◆ **EXERCISE DIRECTIONS**:
Pictures excluded, output the lines of the data below between the one holding "Okay, this stamp..." and the one holding "Again, I'm going", inclusive, exactly as they stand.

◆ **TASK INPUTS**:
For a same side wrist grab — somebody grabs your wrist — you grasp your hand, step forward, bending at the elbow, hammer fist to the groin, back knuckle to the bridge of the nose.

...

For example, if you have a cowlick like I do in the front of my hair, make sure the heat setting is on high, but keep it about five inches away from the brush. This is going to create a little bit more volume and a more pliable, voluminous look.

* * *

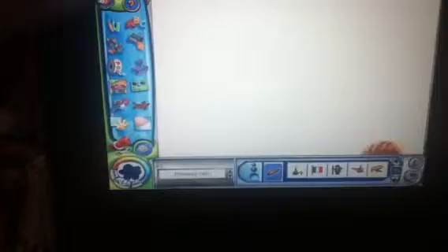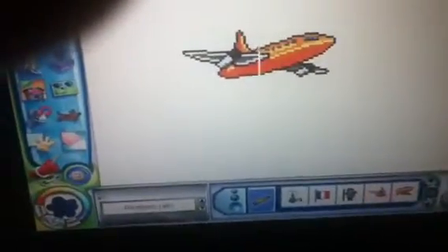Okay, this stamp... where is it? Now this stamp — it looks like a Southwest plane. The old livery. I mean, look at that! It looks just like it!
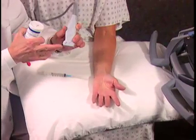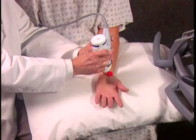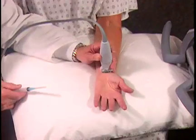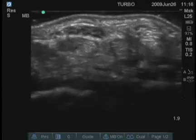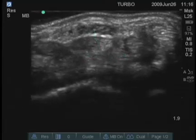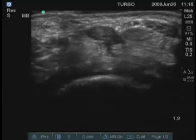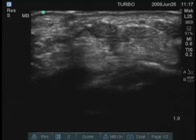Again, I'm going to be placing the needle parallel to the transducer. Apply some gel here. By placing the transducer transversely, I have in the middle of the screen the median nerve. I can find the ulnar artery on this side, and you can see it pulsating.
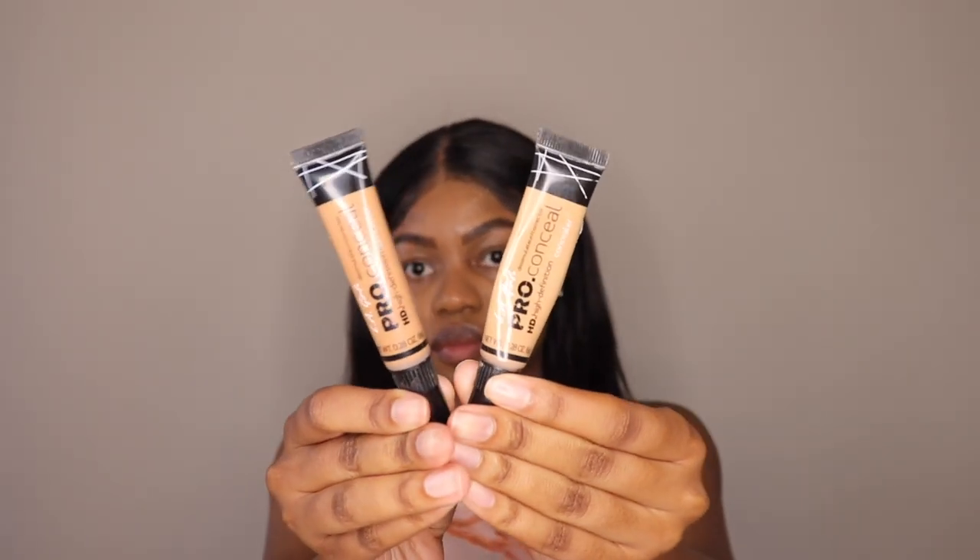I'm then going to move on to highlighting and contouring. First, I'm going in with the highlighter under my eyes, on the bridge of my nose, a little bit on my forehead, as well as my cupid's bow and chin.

◆ **EXERCISE OUTPUT**:
Okay, this stamp... where is it? Now this stamp — it looks like a Southwest plane. The old livery. I mean, look at that! It looks just like it!
Again, I'm going to be placing the needle parallel to the transducer. Apply some gel here. By placing the transducer transversely, I have in the middle of the screen the median nerve. I can find the ulnar artery on this side, and you can see it pulsating.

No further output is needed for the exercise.